En cas de remboursement total

200.000 € (plus-value)

+ 38.500 € (constitution)

+ 342.780 € (frais notariés de rachat par l'entreprise et réintégration du suramortissement des constructions) =

581.280 €

19.050 € (constitution) + 27.875 € (frais de retour) =

 

 

 

 

46.925 €

Economie de 534.355 € pour l'entreprise

En cas de défaillance de l'emprunteur

200.000 € (plus-value)

+ 38.500 € (constitution)

+ 3.400 € (frais de résiliation avec prix) =

 

241.900 €

19.050 € (constitution)

+ 900.000 € (plus-value) =

 

 

919.050 €

Surcoût de 677.150 € correspondant à la plus-value due par l'entreprise

 

 

Constitution de la fiducie

Retour immeuble chez constituant (remboursement)

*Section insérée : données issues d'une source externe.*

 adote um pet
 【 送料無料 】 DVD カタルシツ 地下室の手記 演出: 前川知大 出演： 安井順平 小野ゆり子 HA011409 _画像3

Transfert immeuble chez créancier ou un tiers (défaillance)

Emolument notaire

- 0,275% sur capital (émolument de prêt si prêt constaté par acte authentique) ;

- 0,825% sur la valeur de l'immeuble transféré par une personne physique ou morale à défaut de constat authentique du prêt.

0,825% sur valeur vénale de l'actif restitué au constituant.

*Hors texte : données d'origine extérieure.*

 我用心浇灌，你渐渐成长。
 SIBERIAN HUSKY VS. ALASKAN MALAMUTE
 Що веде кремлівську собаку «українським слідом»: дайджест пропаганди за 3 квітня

0,825 % sur valeur vénale.

Taxe de publicité foncière

0,71498 % sur la valeur vénale de l'actif transféré.

Droit fixe : 125 €

5,09006 % sur prix de rachat.

Salaire conservateur

0,10 % sur la valeur vénale de l'actif transféré.

0,10 % sur la valeur vénale de l'actif transféré.

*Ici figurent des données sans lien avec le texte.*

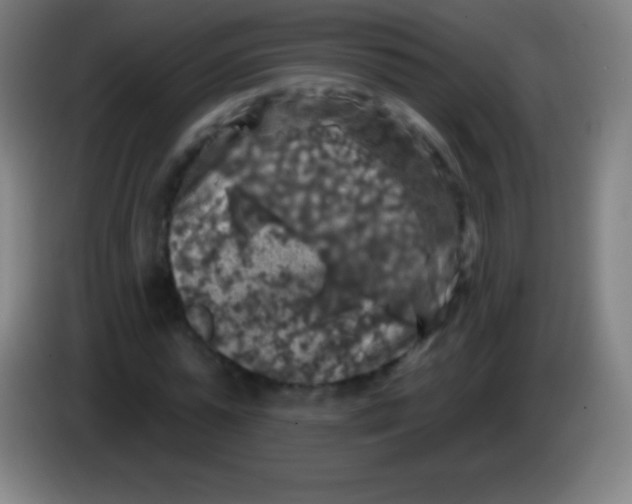 X0000085300775200703301959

0,10 % sur la valeur vénale de l'actif transféré.

 

Cette étude contribue à démontrer que la fiducie-sûreté est plus compétitive que la cession-bail concernant son coût de mise en place et si l'opération de déroule normalement.

La plus-value de sortie de l'immeuble du bilan du débiteur est exigible immédiatement en matière de cession-bail contrairement à la fiducie-sûreté où elle est exigible uniquement en cas de défaillance du débiteur et vente de l'immeuble à un tiers par le fiduciaire dans le cadre de la convention de fiducie-sûreté. La différence dans le montant de la plus-value à acquitter lors de la mise en place d'une cession-bail et lors de la vente de l'immeuble par le fiduciaire tient au fait qu'en matière de cession-bail, la plus-value se calcule par rapport au montant refinancé qui peut être inférieur à la valeur vénale, contrairement à une fiducie-sûreté où la plus-value correspond toujours à la différence entre la valeur de marché et la valeur nette comptable.


(1) Cet article fait suite à une étude parue dans la revue de droit bancaire et financier janvier/février 2012 intitulée "plaidoyer pour l'utilisation urgente de la fiducie-sûreté pour refinancer l'immobilier d'entreprise" qui avait pour but de sensibiliser les établissements de crédit et autres organismes assimilés sur la pertinence de cet outil pour refinancer l'immobilier d'entreprise.


(2) Contribution sociale de 3,3% de l'article 235 ter ZC du Cgi si le montant d'imposition sur les sociétés à acquitter est > 763.000 € et (CA > 7.630.000 €) et contribution exceptionnelle 5% de l'article 235 ter ZCA du Cgi (applicable du 31/12/2011 au 30/12/2015) pour celles qui réalisent un CA > 250.000.000 €

(3) L'article L 632-1-9° du Code de commerce autorise le transfert judiciaire des actifs de l'entreprise pour garantir des dettes contractées concomitamment à la mise en place de la fiducie-sûreté.